For all his confidence, he'd always been insecure about his body, and he couldn't help but feel ashamed as he lay there in nothing but his skin, brown eyes raking over every imperfection. 

The instinct to hide, to cover himself was strong, but Hankyung’s touch was stronger, and every insecurity flew to the back of his mind when he felt soft lips pressed to his skin, tracing the scar running from his skinny hip to his slender thigh; and the urge to run faded as soon as gentle - yet strong - hands tentatively traced his hipbones, those soft lips grazing his chest and creating sparks where they touched his skin, setting his very flesh alight.

And in that moment Heechul thought that maybe Hankyung was the best painkiller, every touch erasing his aches; and every press of lips against his own like the sweetest medicine.

Hankyung handled him like he was made of porcelain, gently and carefully, and it made his heart swell at the notion. But he knew well enough that Hankyung was too kind, too caring to ask for more, to hold him tighter, rougher; and Heechul wanted to see him unravel, to give in to the feeling of their bodies pressed so close, bare against one another and their limbs entangled, moans and whispered ‘i love you’s being the only sound in the silence of their room.

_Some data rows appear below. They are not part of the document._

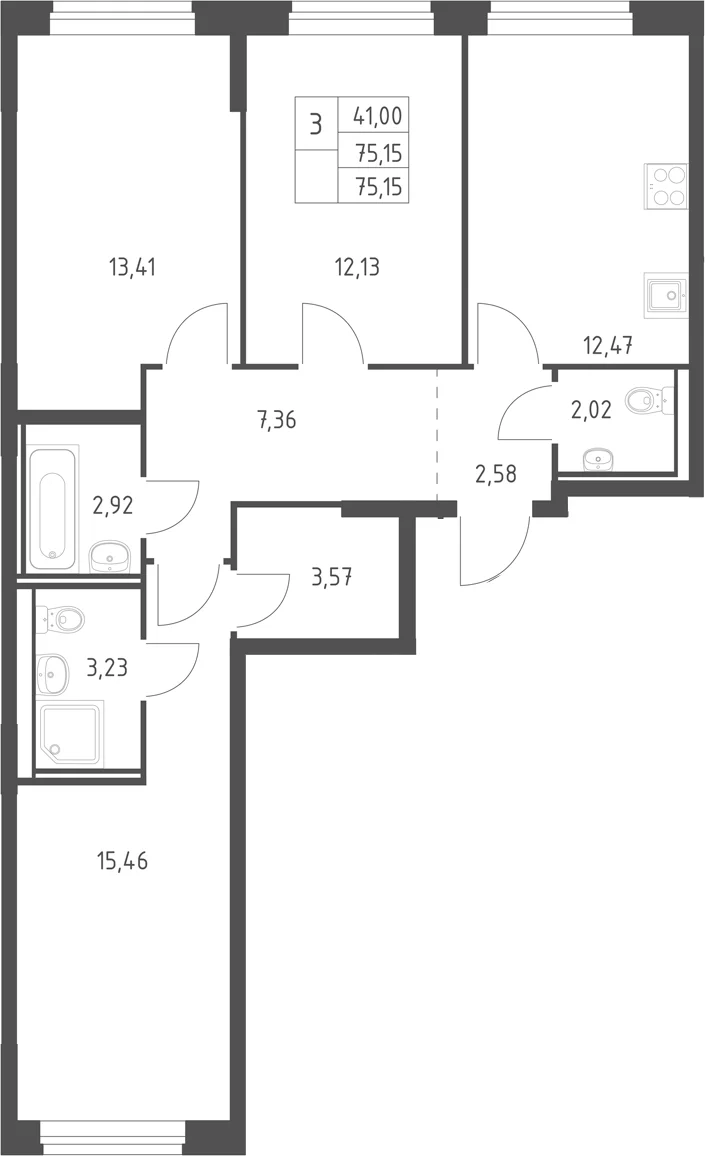 Планировка: 3-комнатная квартира 75,2 м² в ЖК «Горки Парк»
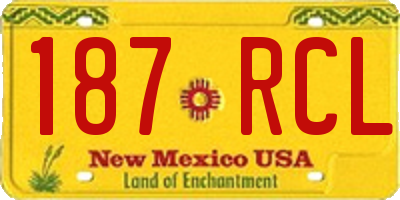 NM license plate 187RCL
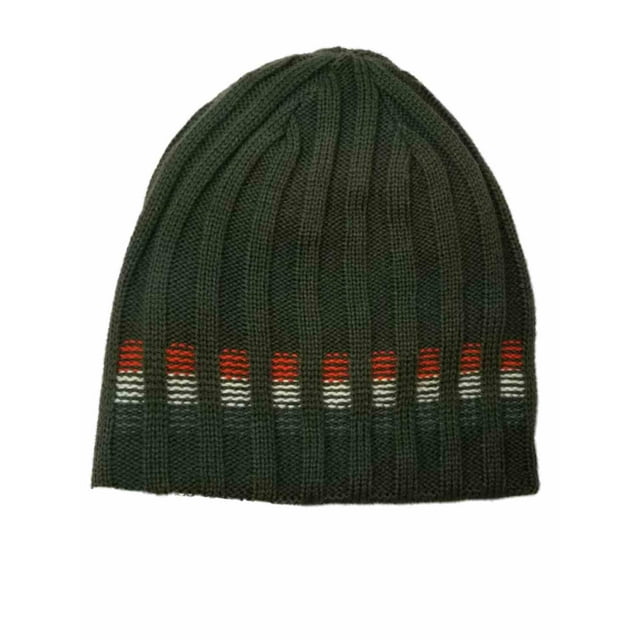 Men's Olive Green with Accent stripe Winter Reversible Beanie Stocking Cap Hat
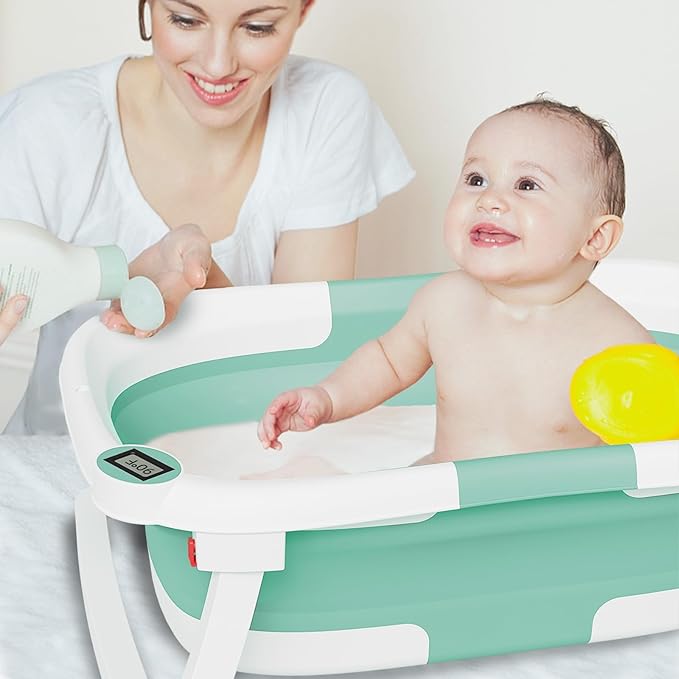 Collapsible Baby Bathtub,Baby Bath Tub with Soft Cushion & Thermometer,Baby Bathtub Newborn to Toddler 0-36 Months,Portable Travel Baby Tub-CubbioJoy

But he’d have to wait till the next time, because soon enough – too soon – he was gripping the sheets, curling his toes as he came, crying Hankyung’s name aloud as he shook.

\---------

Hangeng regarded his reflection in their bedroom mirror, fixing his tie and smoothing down the creases in his shirt. He saw Heechul stir in his peripheral and soon he heard his sleepy, broken voice whisper; ‘where are you going?’

He turned to look at Heechul; hair a mess, bed sheets pulled up to his chest and pale thighs peeking out from the covers. He would have found it cute, endearing, but Heechul’s eyes were wide, a frantic expression of betrayal on an otherwise gorgeous face.

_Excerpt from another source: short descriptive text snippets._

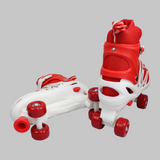 Power Superb Adjustable Roller Skate Shoes 2-Rows 4-Wheels (Large, Red) - Ourkids - OKO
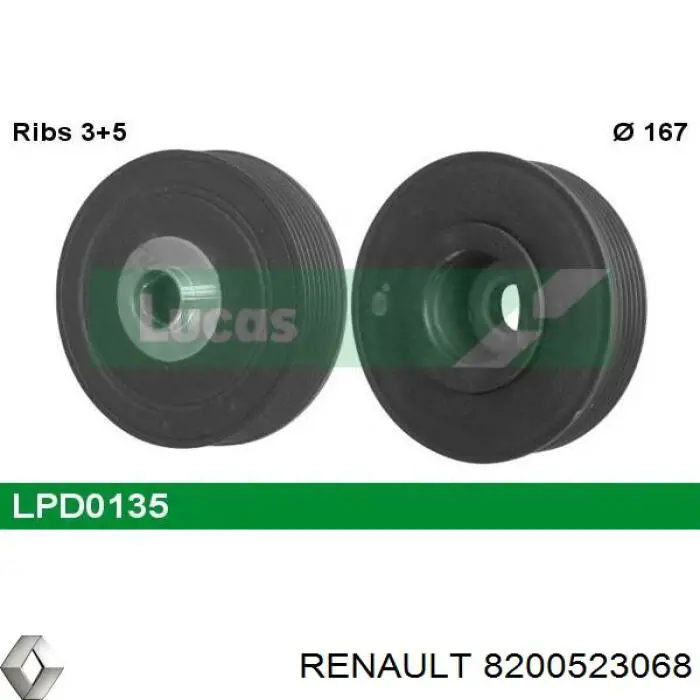 Шків колінвала (демпфер ) Renault (RVI) 8200523068 ціна, від 69.86 USD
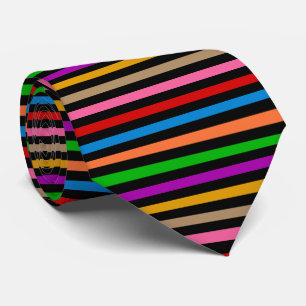Farbenfrohe Regenbogenstreifen Linien Design - Sch Krawatte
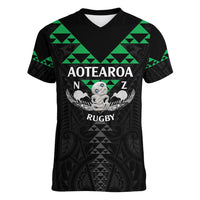 Personalised Aotearoa Rugby Women V-Neck T-Shirt New Zealand Maori Kete Matauranga Pattern LT14 Female Black - Polynesian Pride
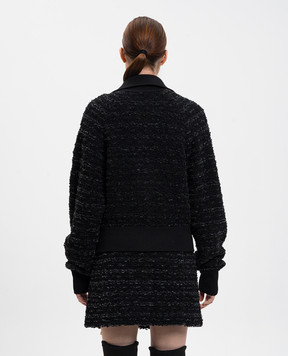 Balmain Black tweed cardigan with hemp FF0TE200KJ16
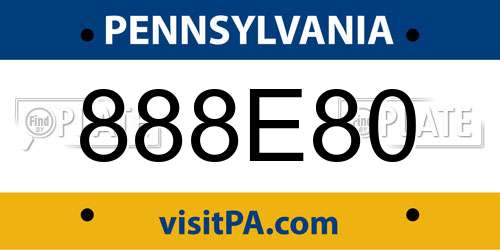 888E80 Pennsylvania License Plate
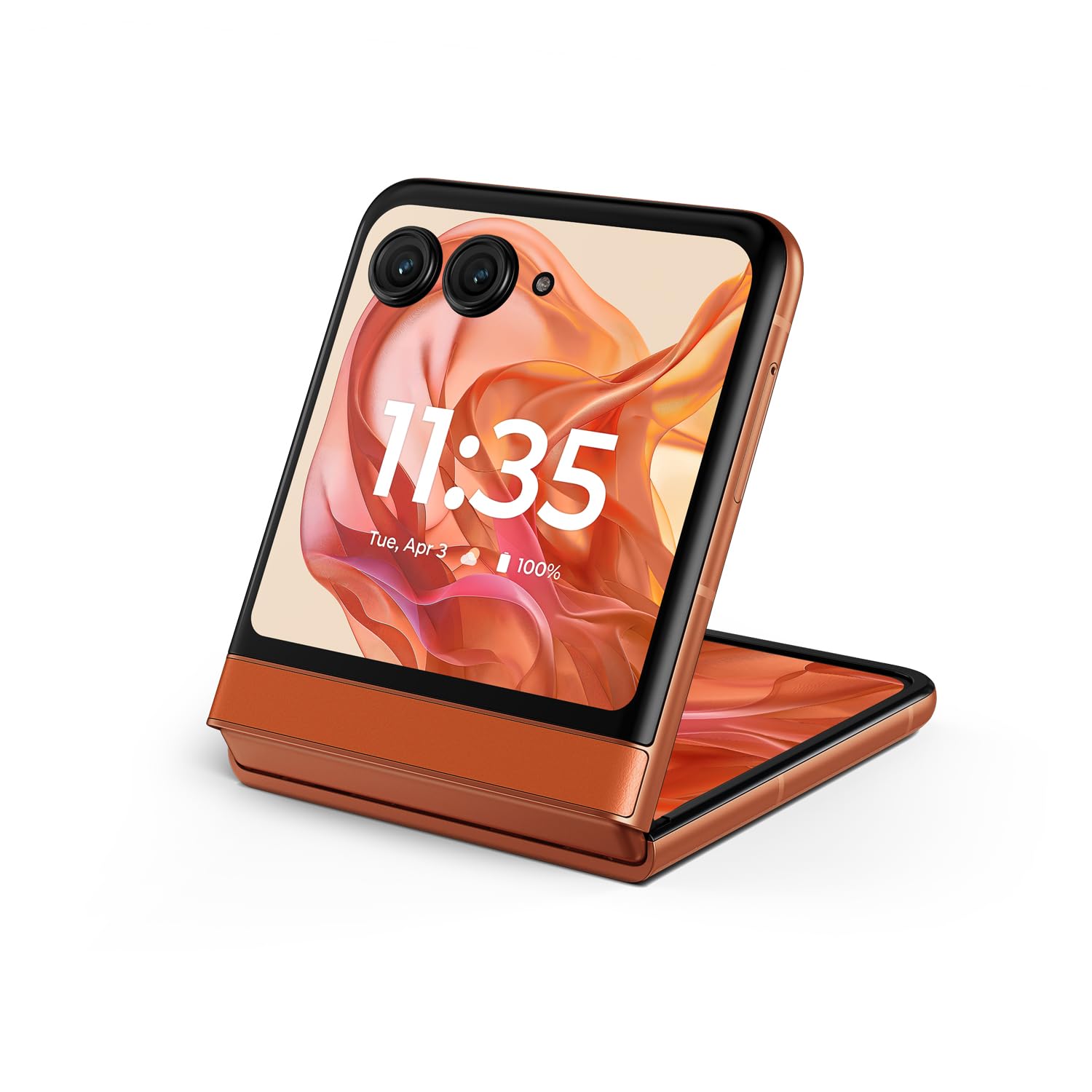 Motorola razr 2024 Unlocked Smartphone 256GB Storage - Spritz Orange Color | Stylish Flip Phone for Business, Travel & Everyday Use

‘Work – you know I’m at work today.’ Hangeng answered simply, a look of confusion settling on his features, ‘where else would I be going?’ he watched as Heechul’s eyes flitted around nervously, arms wrapping around his knees as he pulled them to his chest. ‘Do you trust me that little?’

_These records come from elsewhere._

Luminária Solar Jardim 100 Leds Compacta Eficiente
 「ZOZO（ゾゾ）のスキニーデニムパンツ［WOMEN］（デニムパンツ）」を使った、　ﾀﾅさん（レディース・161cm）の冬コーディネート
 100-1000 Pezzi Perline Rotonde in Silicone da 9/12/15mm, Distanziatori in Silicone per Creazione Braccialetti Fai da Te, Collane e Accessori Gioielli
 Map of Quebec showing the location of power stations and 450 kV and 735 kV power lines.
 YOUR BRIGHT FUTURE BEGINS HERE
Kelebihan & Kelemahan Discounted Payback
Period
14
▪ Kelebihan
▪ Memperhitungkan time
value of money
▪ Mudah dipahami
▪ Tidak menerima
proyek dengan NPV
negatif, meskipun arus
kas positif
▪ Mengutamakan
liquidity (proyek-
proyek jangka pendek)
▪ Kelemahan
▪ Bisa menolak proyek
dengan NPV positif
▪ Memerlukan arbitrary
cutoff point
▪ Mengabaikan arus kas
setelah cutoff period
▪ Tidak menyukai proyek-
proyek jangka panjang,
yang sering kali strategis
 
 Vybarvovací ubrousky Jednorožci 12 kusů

Heechul kept his eyes trained on his fingers, fiddling with the material of the duvet. ‘I thought,’ he mumbled, ‘because we had sex…’

‘That I’d leave you?’ Hangeng finished, ‘Heechul, if I wanted you for sex, I wouldn’t have told you I loved you.’ he crossed the room to Heechul’s side of the bed, cupping a hand under his chin and turning his face towards him. ‘And besides, we didn’t have sex. We made love.’ he closed the distance between them, capturing Heechul’s plump lips in a passionate kiss, feeling himself being pulled down on top of the smaller man. He pulled away, only when they needed breath, and admired the sight of Heechul breathless and flustered beneath him, his hands coming to play with his tie, tugging it gently before looking back up at him in a way that made his breath hitch.

‘How about you miss work today – I’m sure Shindong will understand.’ Heechul smirked, not giving Hangeng time to reply before tugging abruptly on his tie for another kiss, wrapping his long legs around Hangeng’s hips. 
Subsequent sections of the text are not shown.